* WORK TO COMPLETE *
Your answer should hold only the lines from the one with "112605 S 4663 Rd, Gans, OK 74936 - photo 4" through the end of the records, repeated exactly and minus any pictures.

* LISTED ENTRIES *
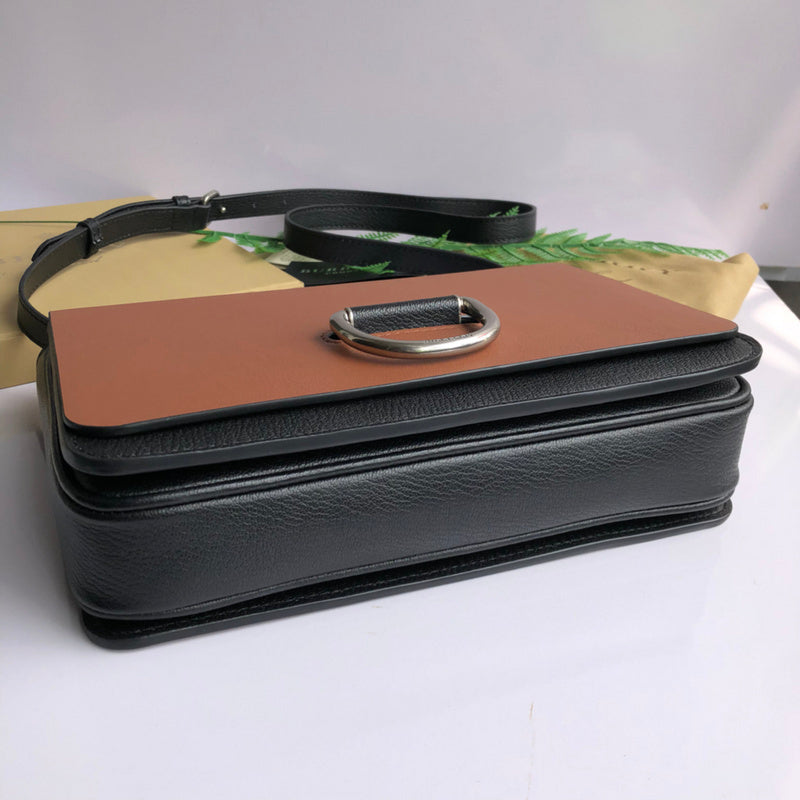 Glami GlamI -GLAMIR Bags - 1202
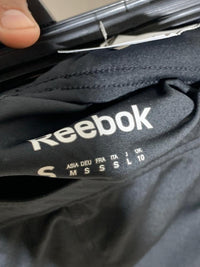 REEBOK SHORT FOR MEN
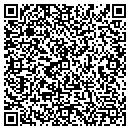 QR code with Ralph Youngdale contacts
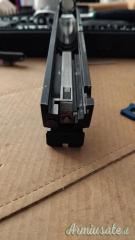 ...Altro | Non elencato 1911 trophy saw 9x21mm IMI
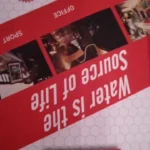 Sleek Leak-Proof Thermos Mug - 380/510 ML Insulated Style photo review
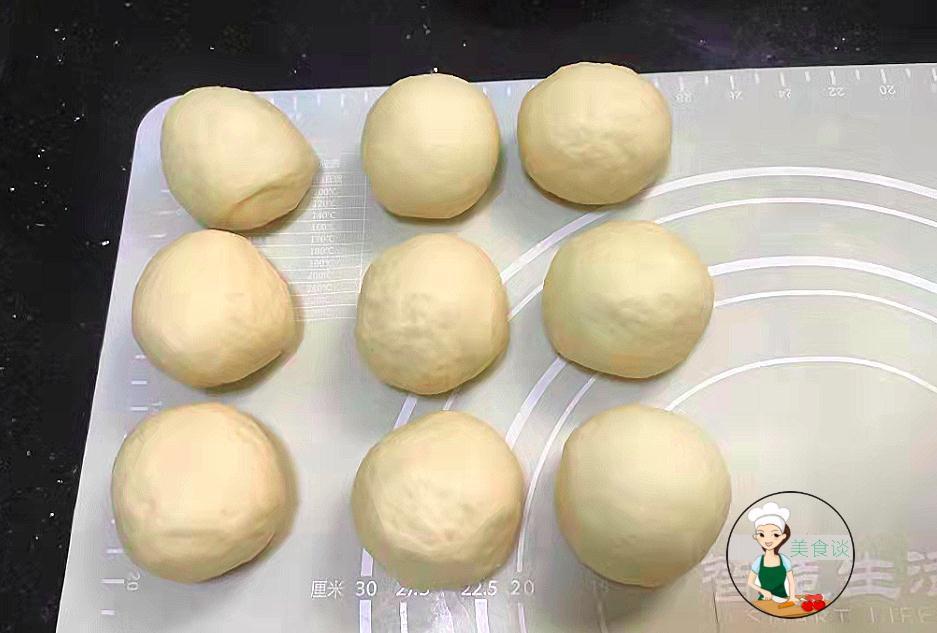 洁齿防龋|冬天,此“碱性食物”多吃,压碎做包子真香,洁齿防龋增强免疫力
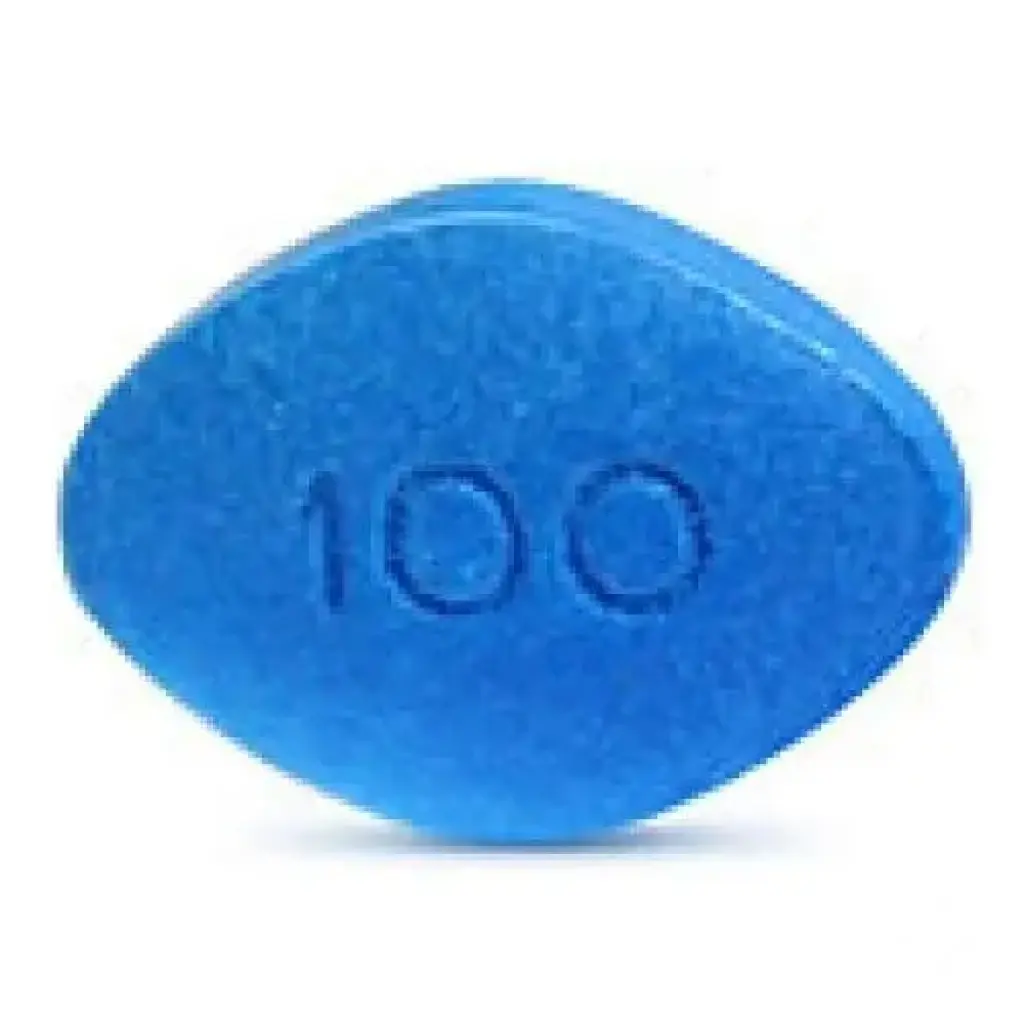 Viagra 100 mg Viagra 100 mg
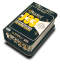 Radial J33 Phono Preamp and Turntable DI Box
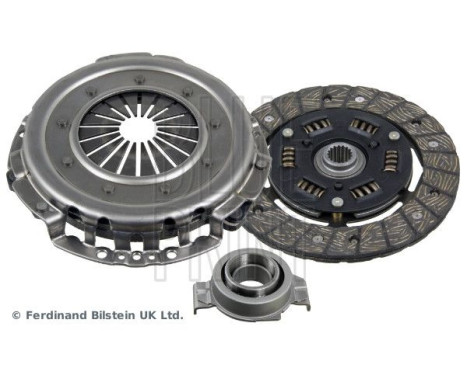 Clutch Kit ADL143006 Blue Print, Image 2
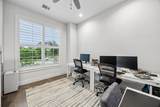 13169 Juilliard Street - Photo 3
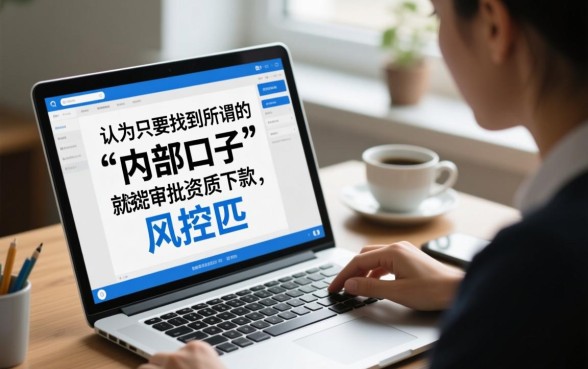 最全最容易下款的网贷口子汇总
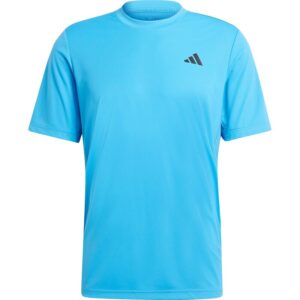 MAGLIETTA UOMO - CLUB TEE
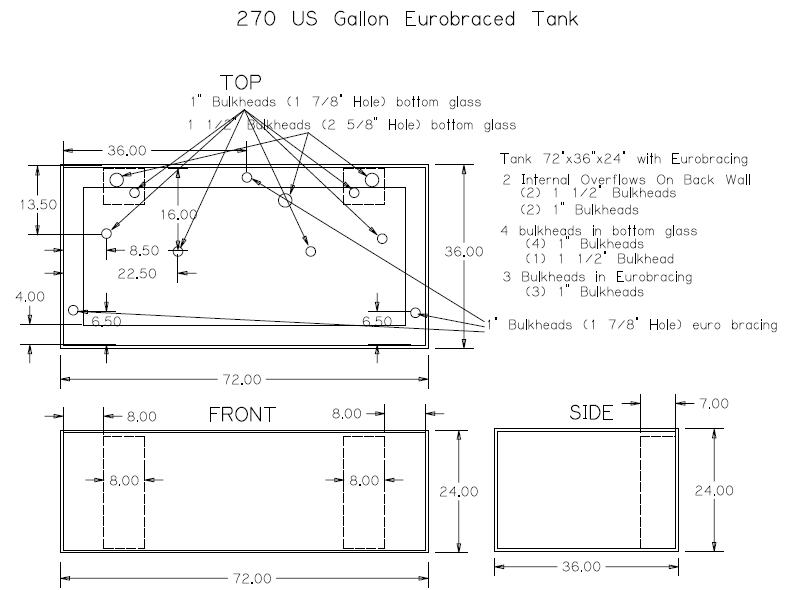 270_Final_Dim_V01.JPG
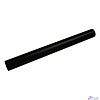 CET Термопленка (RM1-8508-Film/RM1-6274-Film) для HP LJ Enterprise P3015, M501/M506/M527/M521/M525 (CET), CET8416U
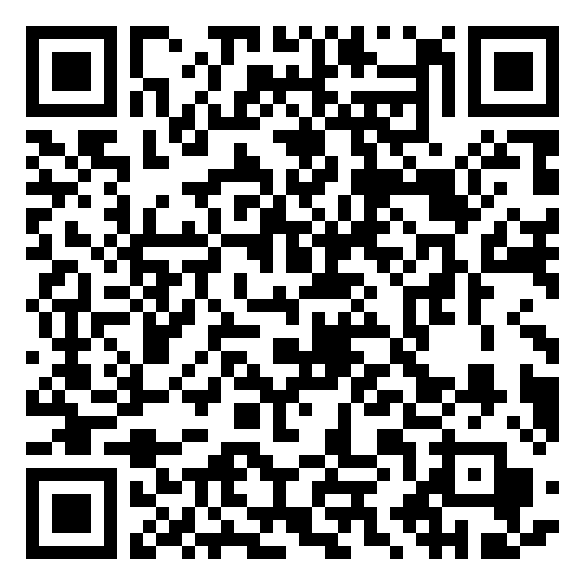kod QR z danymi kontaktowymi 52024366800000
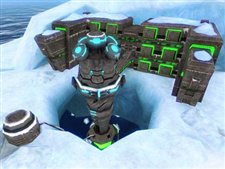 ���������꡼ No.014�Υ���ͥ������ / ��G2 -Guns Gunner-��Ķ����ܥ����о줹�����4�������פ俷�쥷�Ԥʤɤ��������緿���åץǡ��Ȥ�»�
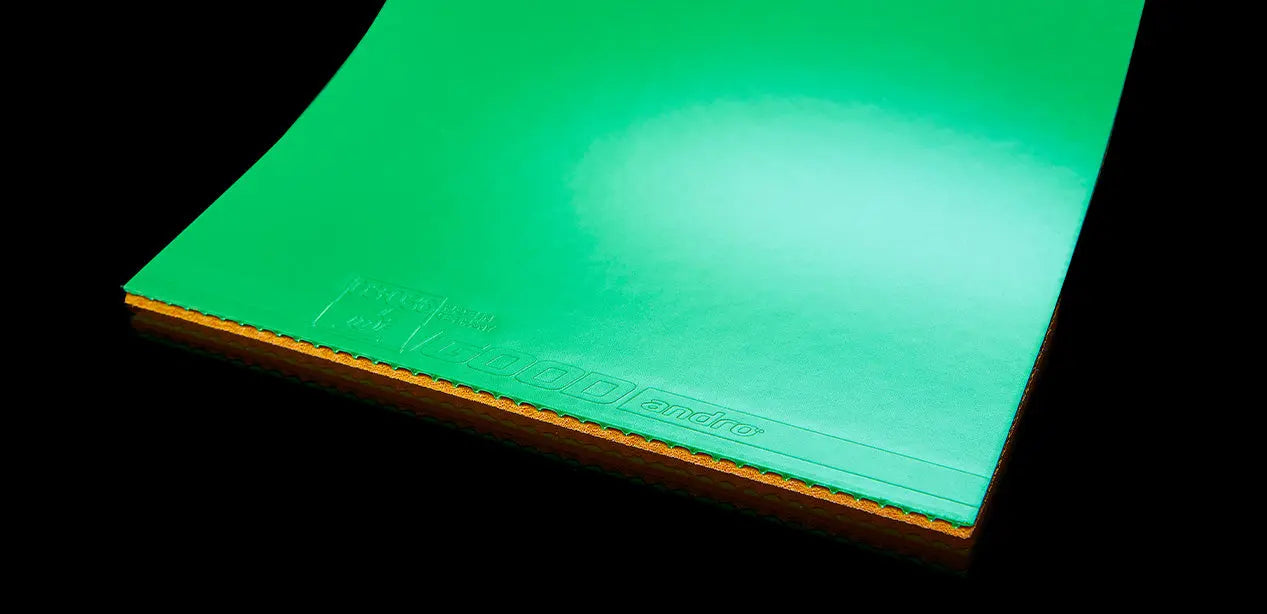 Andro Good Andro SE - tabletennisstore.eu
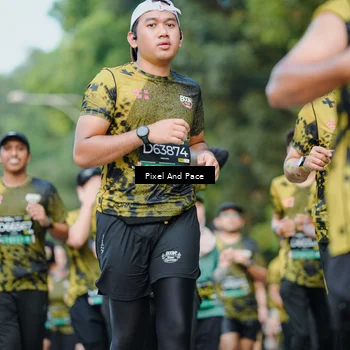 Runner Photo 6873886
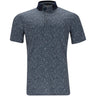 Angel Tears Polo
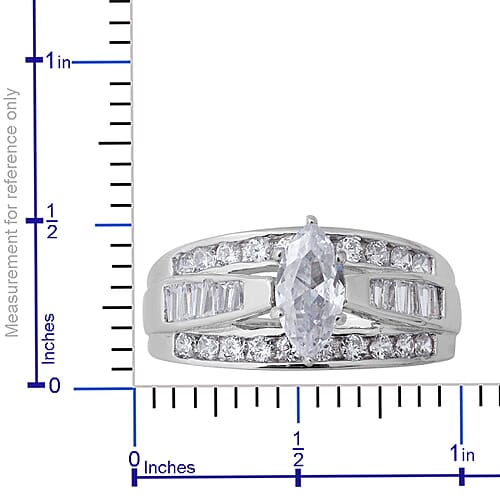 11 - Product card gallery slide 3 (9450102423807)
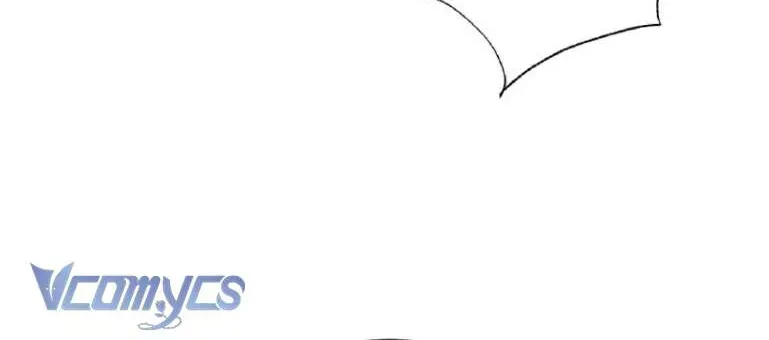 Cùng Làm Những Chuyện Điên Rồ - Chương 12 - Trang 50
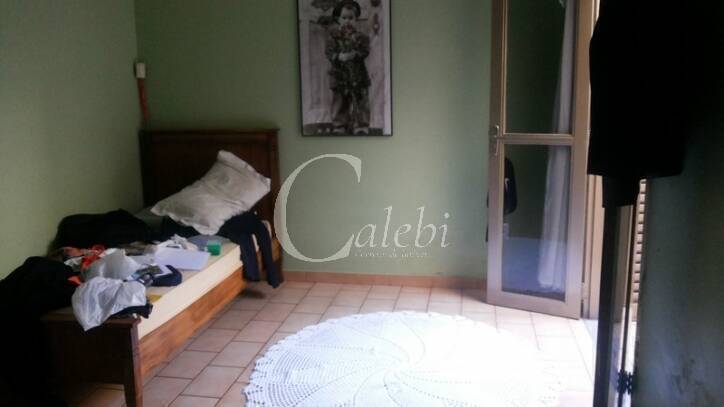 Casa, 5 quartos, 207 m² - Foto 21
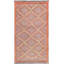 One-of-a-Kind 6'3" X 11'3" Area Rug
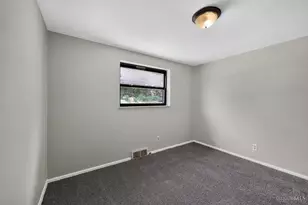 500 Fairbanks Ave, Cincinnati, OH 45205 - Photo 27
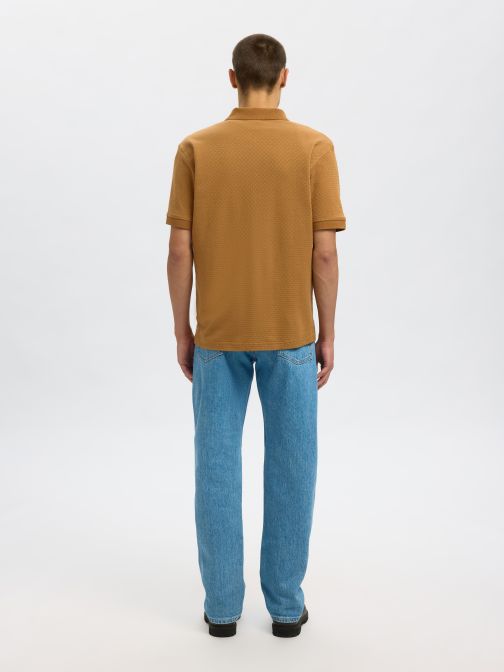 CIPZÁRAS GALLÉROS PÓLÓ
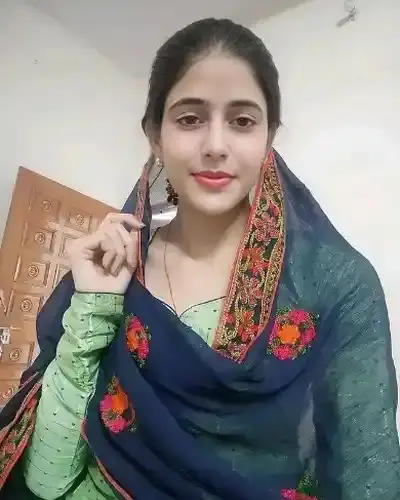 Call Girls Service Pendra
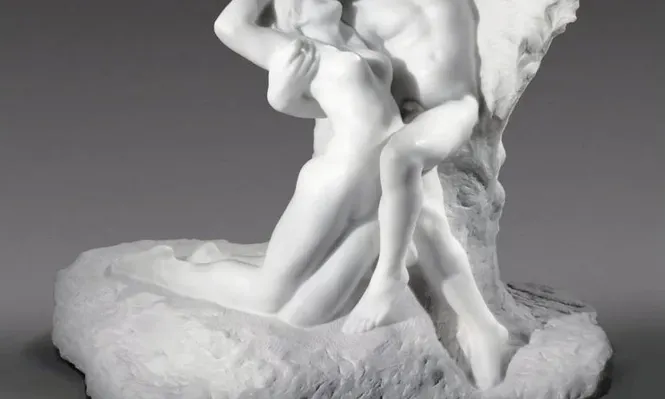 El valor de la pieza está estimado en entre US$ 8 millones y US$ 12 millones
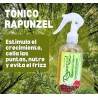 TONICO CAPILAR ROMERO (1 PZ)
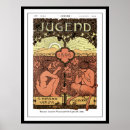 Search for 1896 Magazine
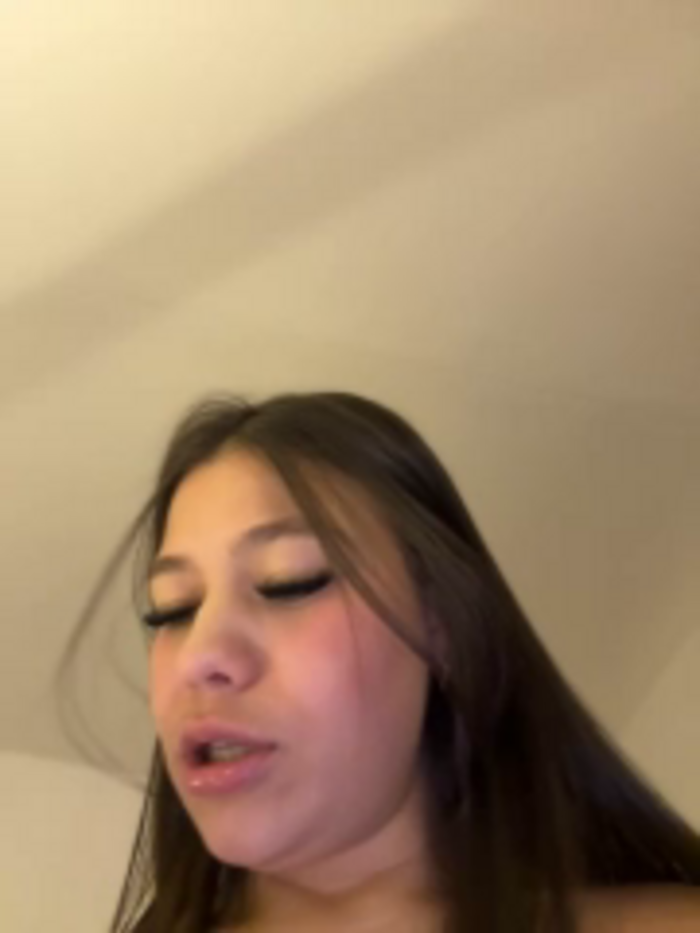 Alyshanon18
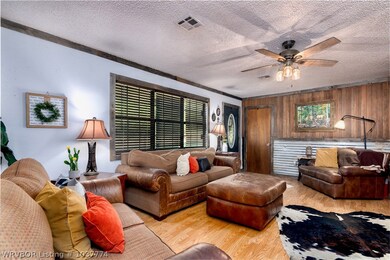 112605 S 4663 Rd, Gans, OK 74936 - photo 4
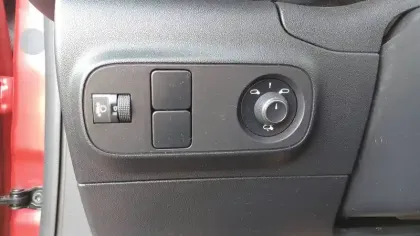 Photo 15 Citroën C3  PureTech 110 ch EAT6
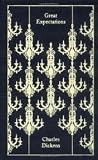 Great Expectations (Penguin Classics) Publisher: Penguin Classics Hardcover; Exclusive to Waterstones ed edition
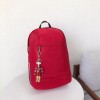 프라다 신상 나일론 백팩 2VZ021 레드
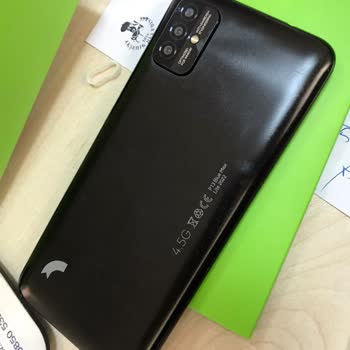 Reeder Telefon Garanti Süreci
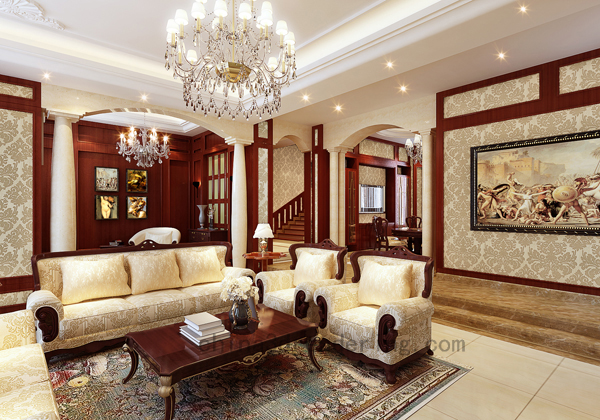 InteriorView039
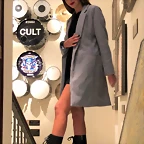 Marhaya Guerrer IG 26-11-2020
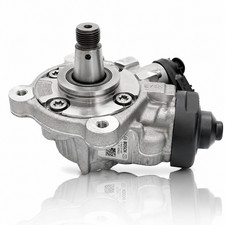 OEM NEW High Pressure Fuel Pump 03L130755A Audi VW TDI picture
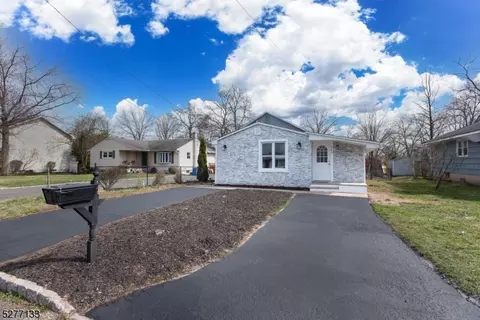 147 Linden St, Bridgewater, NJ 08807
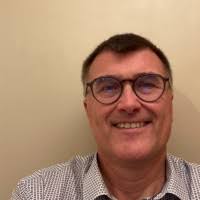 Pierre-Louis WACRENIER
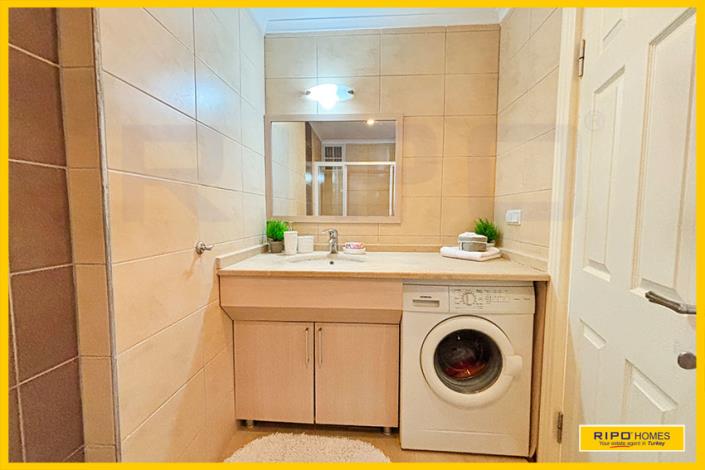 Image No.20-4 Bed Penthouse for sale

* YOUR RESPONSE *
 112605 S 4663 Rd, Gans, OK 74936 - photo 4
 Photo 15 Citroën C3  PureTech 110 ch EAT6
 Great Expectations (Penguin Classics) Publisher: Penguin Classics Hardcover; Exclusive to Waterstones ed edition
 프라다 신상 나일론 백팩 2VZ021 레드
 Reeder Telefon Garanti Süreci
 InteriorView039
 Marhaya Guerrer IG 26-11-2020
 OEM NEW High Pressure Fuel Pump 03L130755A Audi VW TDI picture
 147 Linden St, Bridgewater, NJ 08807
 Pierre-Louis WACRENIER
 Image No.20-4 Bed Penthouse for sale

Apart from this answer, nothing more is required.